2001 war ein chinesischen Abfangjäger mit einem US-Spionageflugzeug des Typs EP-3 kollidiert, wobei der chinesische Pilot ums Leben kam. Die US-Maschine musste auf der Insel Hainan notlanden. Der Vorfall belastete das diplomatische Verhältnis beider Staaten schwer.

Mit dem jüngsten Vorfall zieht sich die Eskalationsschraube in der Region weiter an. Im Südchinesischen Meer streitet sich China mit den regionalen Nachbarn Philippinen, Brunei, Malaysia, Vietnam und Taiwan um die rohstoffreichen Gewässer, durch die strategisch wichtige Schifffahrtsstraßen gehen. Peking ließ unter anderem künstliche Inseln in der Region aufschütten und Flugplätze anlegen, um über diese Außenposten seine Ansprüche zu untermauern.

Washington wirft Peking aggressives Verhalten und Landnahme vor und sieht internationale Seewege bedroht. China wiederum sieht eine Provokation in der erhöhten militärische Präsenz der USA in der Region. Tatsächlich hatten sich in den vergangenen Monaten immer wieder US-Kriegsschiffe und Flugzeuge demonstrativ den künstlichen Inseln der Chinesen angenähert.
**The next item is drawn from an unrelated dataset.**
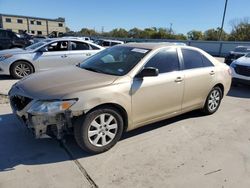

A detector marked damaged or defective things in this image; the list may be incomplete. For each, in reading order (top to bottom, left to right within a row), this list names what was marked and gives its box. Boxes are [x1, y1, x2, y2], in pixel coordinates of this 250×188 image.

exposed headlight area [27, 99, 77, 115]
Zu den Territorialstreitigkeiten im Südchinesischen Meer wollen auch die sieben großen Industrienationen (G7) kommende Woche in Japan eine gemeinsame Erklärung abgeben, was von Peking scharf kritisiert wird. Schon im April hatten die G7 zu einer „friedlichen“ Lösung aufgerufen. Ohne China namentlich zu erwähnen, lehnten sie „einschüchterende, zwangsweise oder provokative einseitige Maßnahmen“ ab, die den Status quo verändern und Spannungen erhöhen könnten.